Output only the lines that run from the line holding "1 Allée de l’Aéropostale, Ormesson-sur-Marne" to the end of the entries, both ends included, and skip the pictures.

_Records from a dataset:_
··········

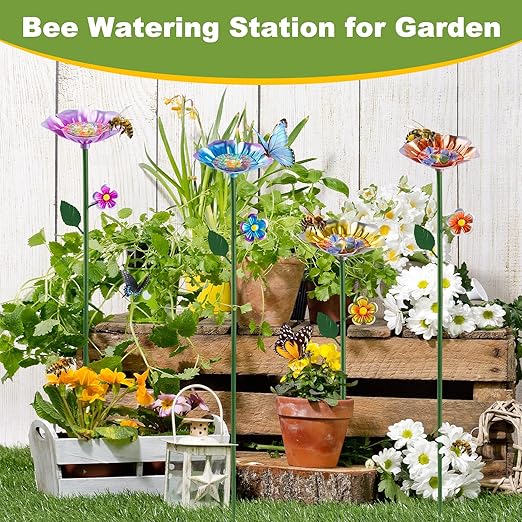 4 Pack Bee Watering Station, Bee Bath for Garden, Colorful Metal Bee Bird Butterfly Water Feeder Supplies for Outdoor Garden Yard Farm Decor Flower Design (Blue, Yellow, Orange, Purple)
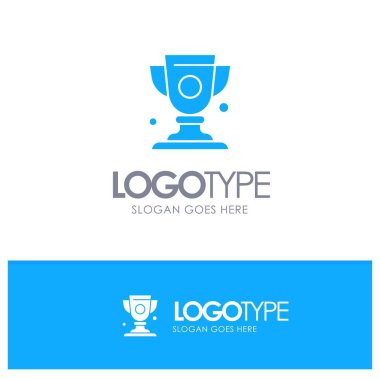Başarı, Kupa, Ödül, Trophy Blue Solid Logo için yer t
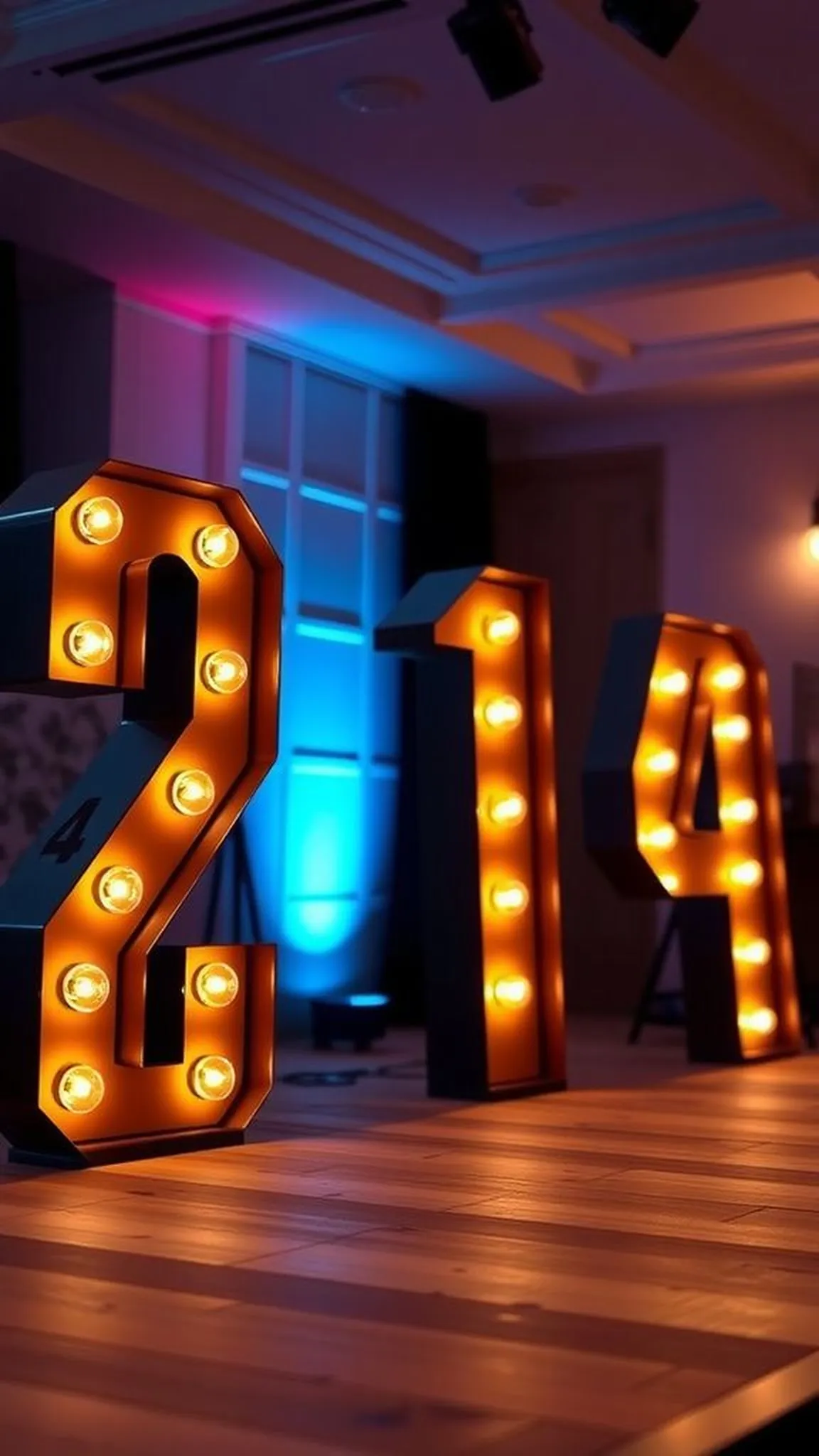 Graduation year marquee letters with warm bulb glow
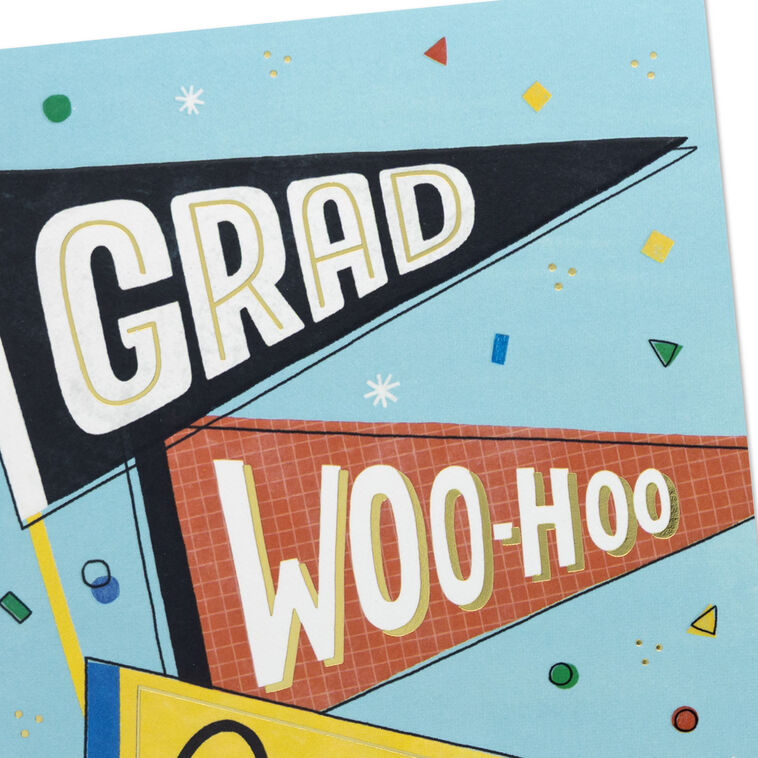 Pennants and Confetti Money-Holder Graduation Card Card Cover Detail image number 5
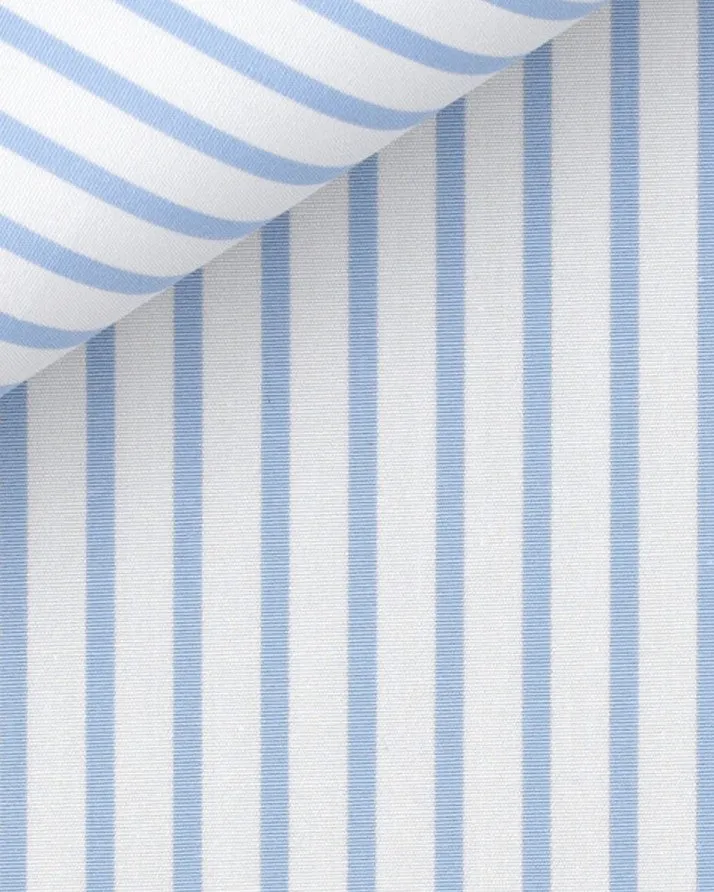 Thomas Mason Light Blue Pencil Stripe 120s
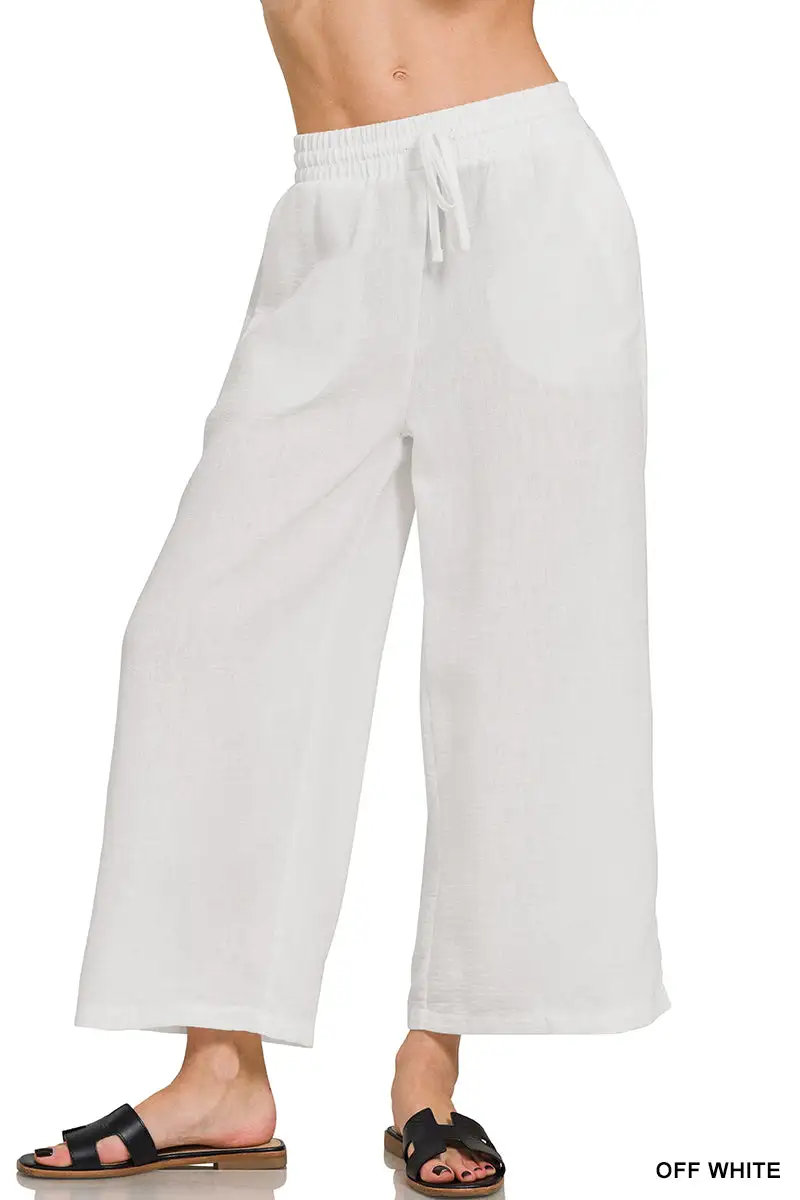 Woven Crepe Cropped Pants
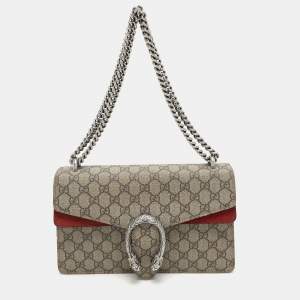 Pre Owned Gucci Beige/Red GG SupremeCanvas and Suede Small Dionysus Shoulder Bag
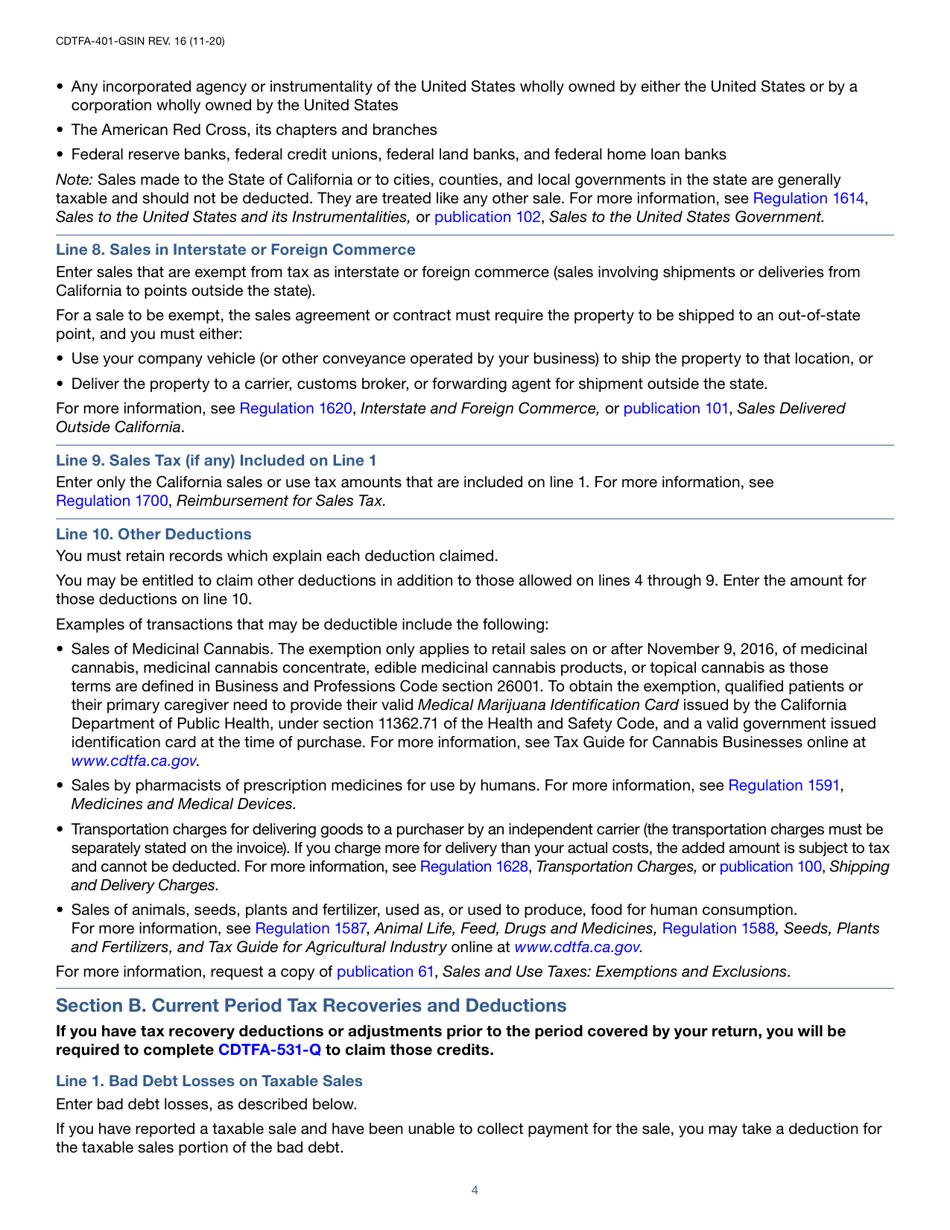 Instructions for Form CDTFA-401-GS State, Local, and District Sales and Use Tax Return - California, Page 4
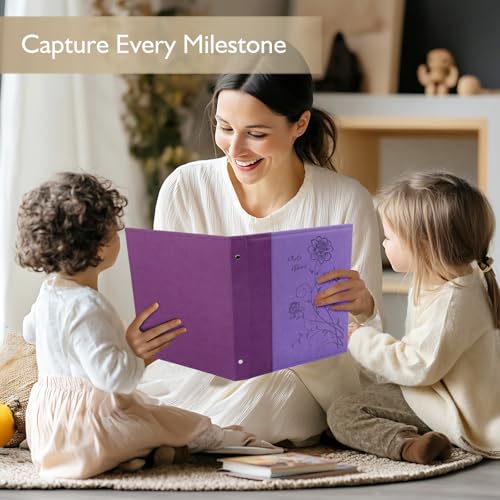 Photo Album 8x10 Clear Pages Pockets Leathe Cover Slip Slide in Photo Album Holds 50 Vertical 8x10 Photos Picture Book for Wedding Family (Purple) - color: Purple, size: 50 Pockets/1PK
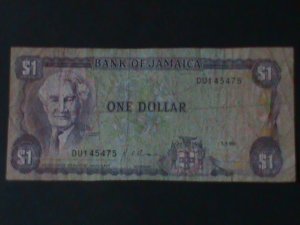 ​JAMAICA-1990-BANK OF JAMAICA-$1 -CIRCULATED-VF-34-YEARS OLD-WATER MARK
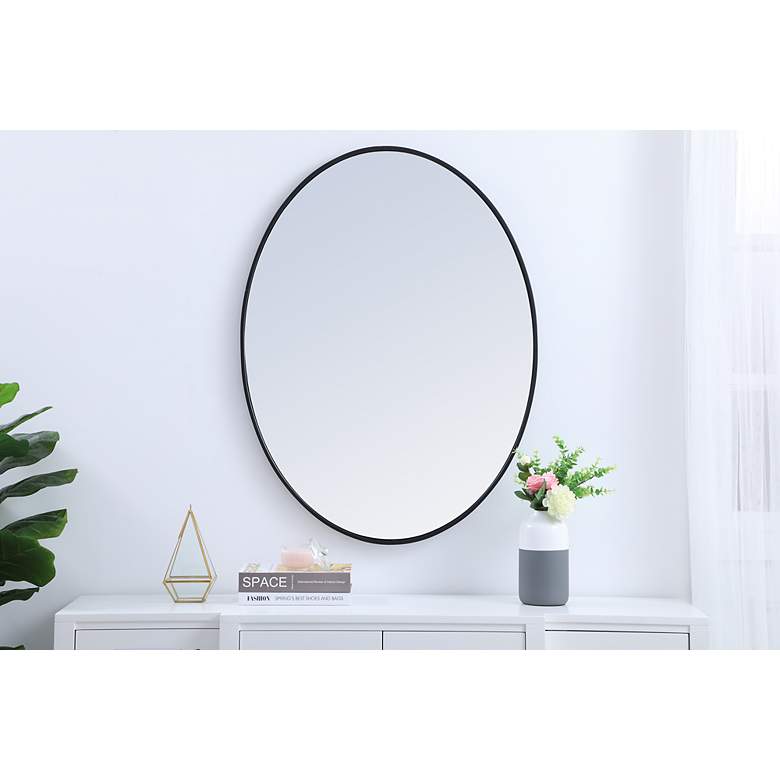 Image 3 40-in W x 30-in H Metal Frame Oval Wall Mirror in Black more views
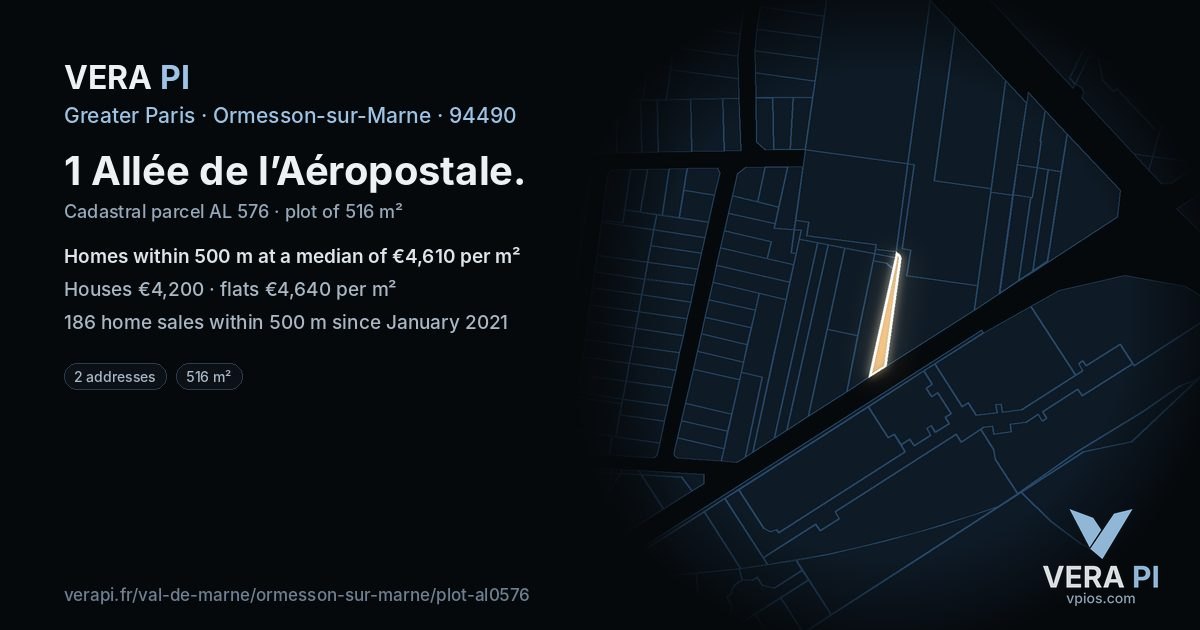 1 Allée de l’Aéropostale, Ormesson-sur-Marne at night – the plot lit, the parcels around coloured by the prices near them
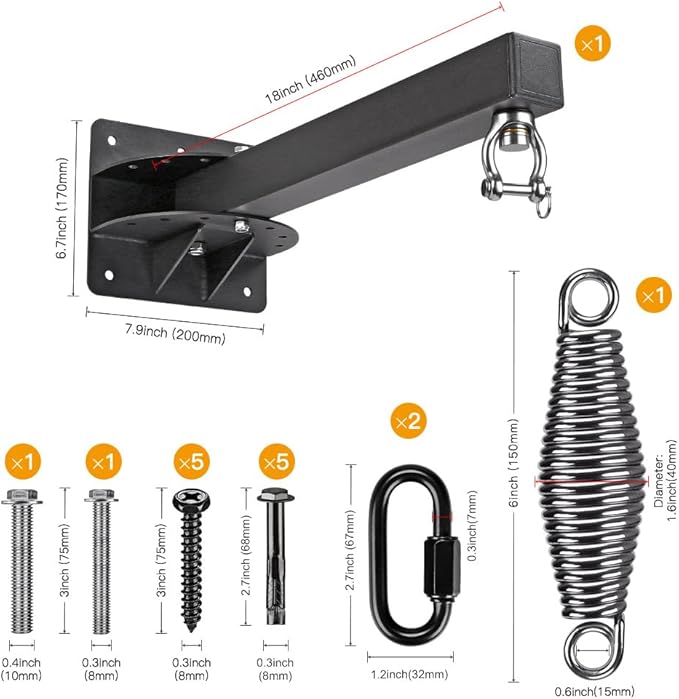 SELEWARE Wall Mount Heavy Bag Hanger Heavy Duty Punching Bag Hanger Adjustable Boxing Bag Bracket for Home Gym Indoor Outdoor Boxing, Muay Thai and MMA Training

··········

_WRITTEN SOLUTION:_
 1 Allée de l’Aéropostale, Ormesson-sur-Marne at night – the plot lit, the parcels around coloured by the prices near them
 SELEWARE Wall Mount Heavy Bag Hanger Heavy Duty Punching Bag Hanger Adjustable Boxing Bag Bracket for Home Gym Indoor Outdoor Boxing, Muay Thai and MMA Training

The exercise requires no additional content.